Here is the ~6'x6' playhouse that will be a work in progress for a while yet. I started this, this spring, but only really get a chance to work on it a few hours here and there, so it has taken me all summer to get it to this point. It is made up of cedar and redwood. The four posts of the playhouse as well as the two point on the A-Frame for the swing set part are set on sonotubes dug below the frostline with posts brackets. The swing set beam (double 2x8's, glued and bolted) lands on the two 4x4 posts on a compound angle as the posts have a 5 degree tilt towards the playhouse, which was a lot of fun doing and figuring out (high school geometry paid off). The cedar shakes were stapled on and the staple shiners on the inside ceiling were covered up by some 1/2 ply.

Things still left to do:

1. Finish the rock wall climber that will attach where the step ladder is.
2. Build a sandbox under the playhouse.
3. Install the glider swing in the last section before the A-Frame.
4. Finish some miscellaneous trim to on some areas for aesthetics.
5. Fascia and eave ply to cover up the staples from the roofing.


----------



## Ostie (Dec 19, 2010)

I really like this. Very nice


----------



## gmack (Jun 9, 2013)

Agreed very nice.
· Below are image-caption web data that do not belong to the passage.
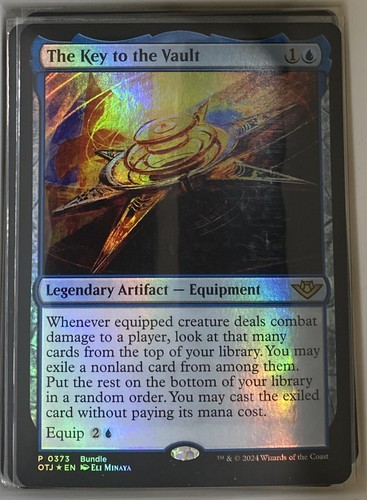 The key vault foil - the,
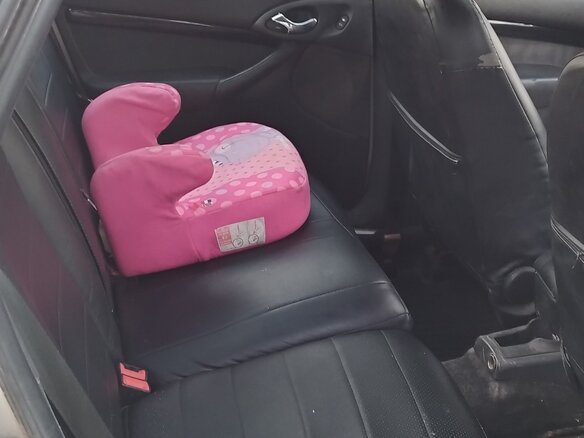 2004 Ford Focus I Рестайлинг, серебристый, 400000 рублей - вид 7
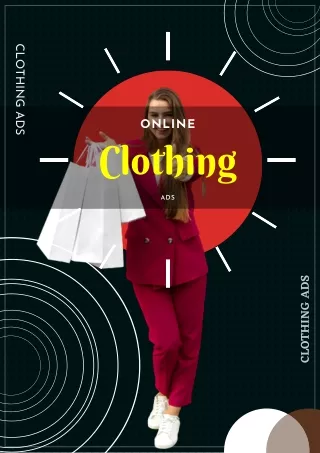 Clothing ads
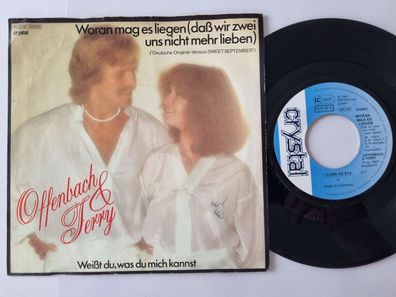 Offenbach & Terry - Woran mag es liegen 7'' Vinyl Germany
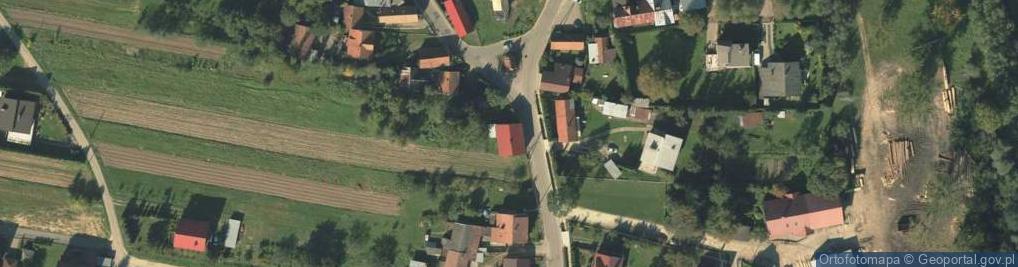 Zdjęcie satelitarne Cyganowice ul.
I attempted a similar one 2 summers ago but had to give up because building inspector said it was against code. Wife was happy...it was taking an insane amount of hours and not as well built as yours. 

Did you have plans or just take measurements from an existing structure?


----------



## <*(((>< (Feb 24, 2010)

Thanks for the comments! I didn't have any plans just agreed on a size of the floor I wanted and worked from there. I didn't really care for the store bought play sets as they just aren't very sturdy and seem to fall apart quickly. I wanted to build this to last my kids and hopefully keep it in good enough condition with keeping it sealed that it will be a selling point when we choose to move.


----------



## Treeoflifestairs.com (Jan 9, 2012)

Where did you get the slide from?


----------



## <*(((>< (Feb 24, 2010)

Treeoflifestairs.com said:


> Where did you get the slide from?


 I got it off craigslist for $50. They are expensive if you buy them new. The swings I bought off Amazon.


----------



## MagGeorge (Jul 5, 2012)

Wow! That's an awesome playhouse, very well planned and designed. I'm sure the kids are very excited about it. Can't wait to see the final product.


----------



## sanchez (Feb 18, 2010)

Nice playset. I especially like the cedar shake roof. Nice detail.


----------



## <*(((>< (Feb 24, 2010)

Thanks for the comments all! I'm in a busy time at work currently and probably won't get much more done over the winter but I will update with some more pictures when I get around to it.


----------